E’ quanto dichiara il Coordinamento Sos Mediterraneo dopo il passaggio delle armi chimiche a Gioia Tauro

 

“Ve l’avevamo detto che non sarebbe successo niente”.
La delegittimazione subdola del popolo di San Ferdinando e dell’intera Piana di Gioia Tauro passa tutta da questa frase pronunciata indifferentemente dal ministro dell’Ambiente o dall’ultimo degli ascari che hanno accompagnato questa operazione dietro lauto compenso monetario.
La moda del momento è parlare a vanvera aggiungendo che adesso che le armi chimiche siriane sono andate via, tutto è finito, e possiamo quindi pensare alla favola del motore del porto che manca sempre di un pezzo, il famoso volano, che farebbe ripartire la Calabria.
La cruda realtà è che alla Calabria non frega niente a nessuno se non per arricchimenti personali e l’operazione “armi siriane” ricade perfettamente in quest’ottica.
La tutela della gente comune e del proprio territorio è argomento tabù per essere affrontato, sebbene la Convenzione di Arhus illustri attraverso quali strumenti si possa giungere all’autodeterminazione di un popolo. La Convenzione di Barcellona che salvaguardia il Mediterraneo è poi cosa astrusa, appartenente ad un altro pianeta.
Eppure dovremmo avere contezza che l’operazione di idrolisi che avverrà fra l’isola di Creta, la Grecia e la Libia da eseguire per la prima volta al mondo, avrà ricadute e conseguenze anche alle nostri latitudini..
La strategia del silenzio istituzionale e la “disinformatia” hanno formalmente vinto e fatto da segnatempo in questa sporca faccenda sin dall’inizio, e continua ancora ad essere così per un’operazione militare affidata dall’OPAC ad una nazione (gli USA) che ancora non ha avuto il tempo di distruggere le proprie armi chimiche custodite nei bunker americani.

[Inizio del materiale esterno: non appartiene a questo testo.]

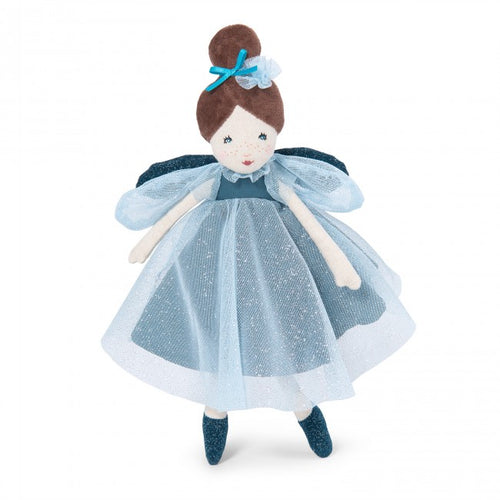 Little Blue Fairy Doll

Un pò come affidare la pecora al lupo insomma, con la totale sudditanza del governo italiano che – prono al pari della Grecia, – ha consentito che ciò accadesse in un porto civile, dove MAI transitarono in passato carichi del genere, stracciando pertanto qualsiasi legge dello stato italiano, convenzione internazionale e trattato di tutela.

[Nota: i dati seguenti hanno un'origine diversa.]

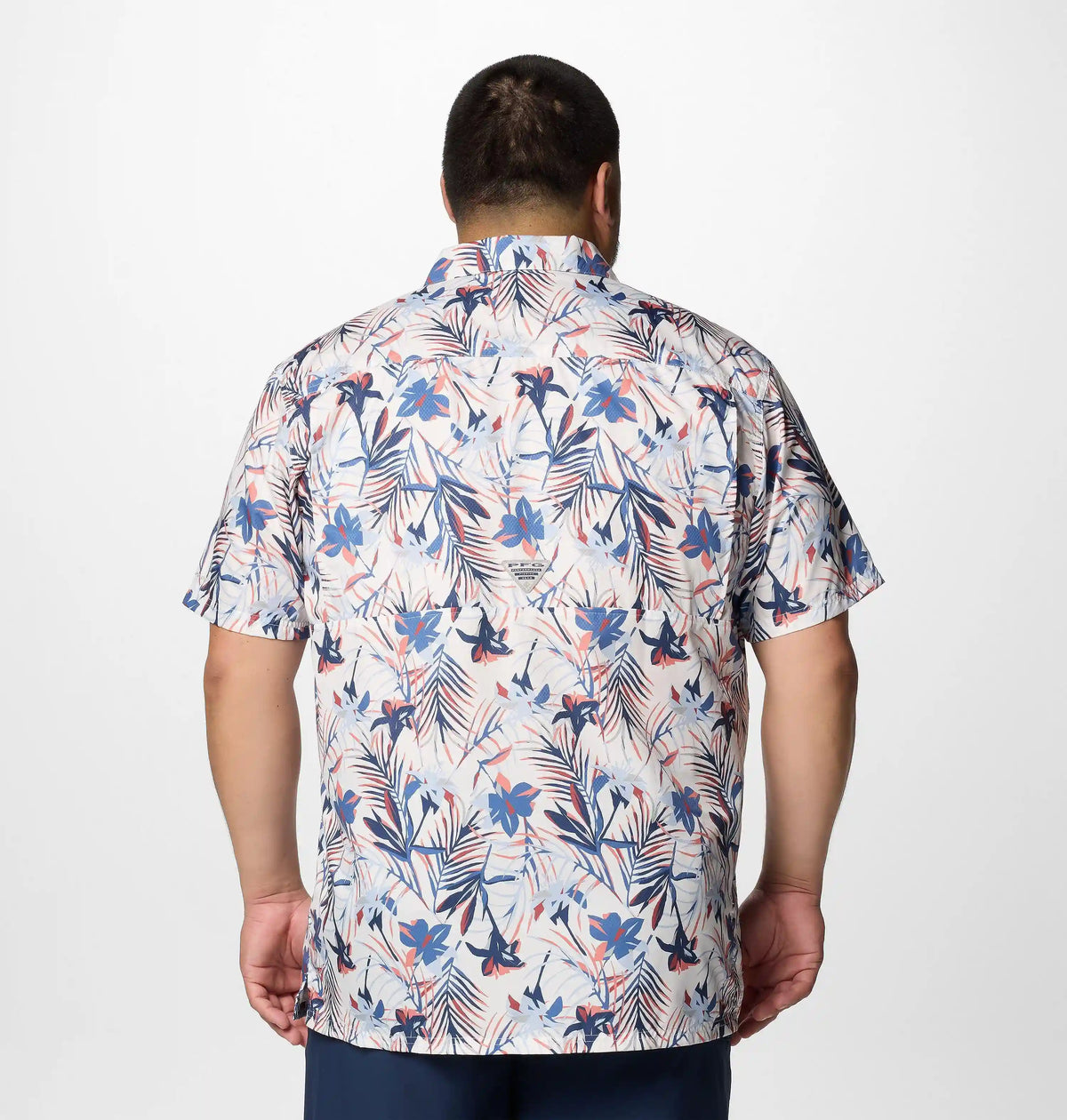 Men's PFG Super Slack Tide Camp Shirt – Big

Perchè non ha quindi reagito la popolazione calabrese? Per atavica apatia, alimentata proprio da quella politica e da quei sindacati che avrebbero il dovere di tutelare il bene comune e la propria gente, e che mai l’hanno fatto.

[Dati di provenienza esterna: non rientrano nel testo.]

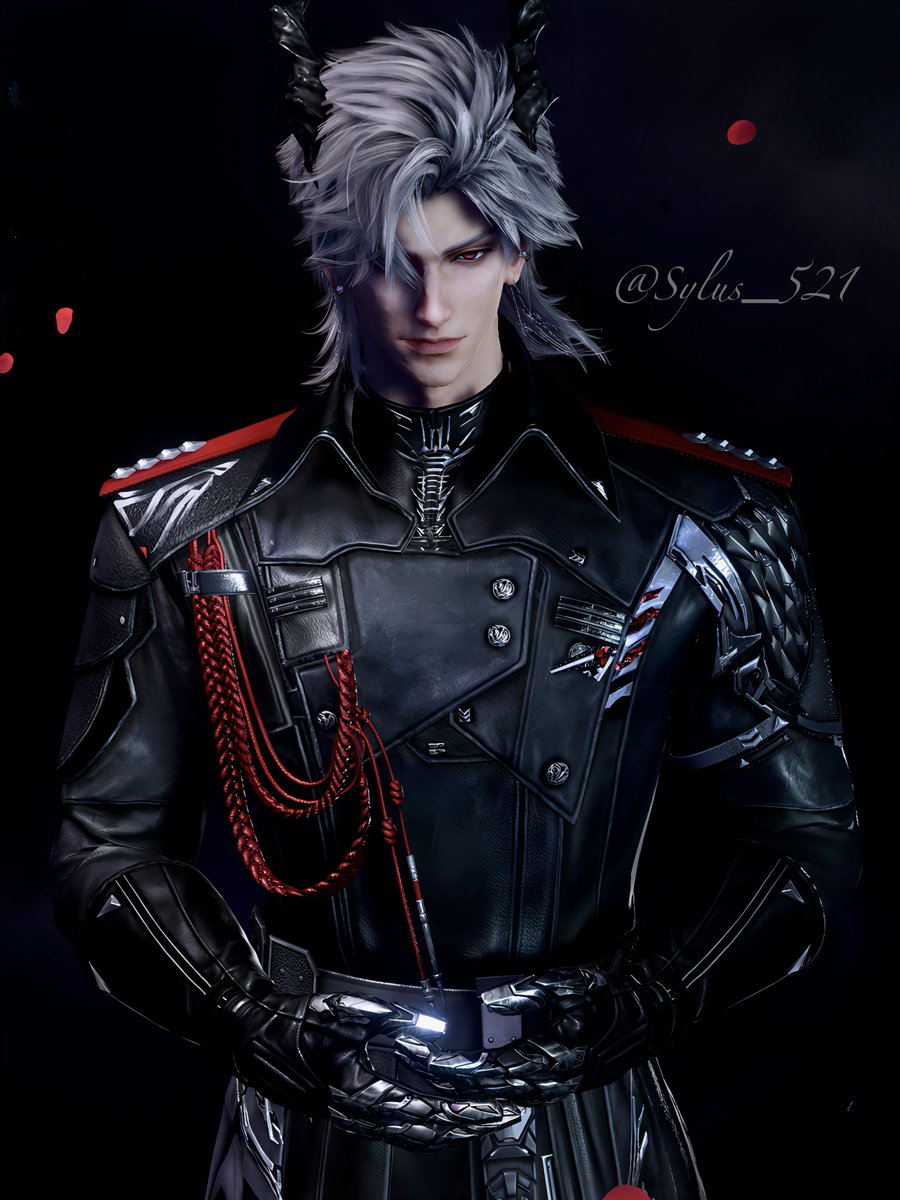 Sylus_521's tweet image.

Dovranno passare molte generazioni di buona politica sul territorio calabrese affinchè si cambi passo e si possa arrivare all’autodeterminazione della nostra gente. Intanto i nostri fratelli greci si organizzano nel mare di Creta pensando all’incubo che li attende: l’idrolisi delle armi chimiche.

Il passaggio dal porto di San Ferdinando è solo la prima tappa del tragitto che sta compiendo il carico di morte partito dalla Siria, per iniziare un esperimento di idrolisi su nave mai tentato prima, in mare aperto e spesso battuto da un vento fortissimo.
Molti scienziati greci hanno da mesi lanciato l’allarme riguardo la pericolosità di questo esperimento, ed anche gli stessi operatori dell’OPAC ne ravvisano l’alto rischio.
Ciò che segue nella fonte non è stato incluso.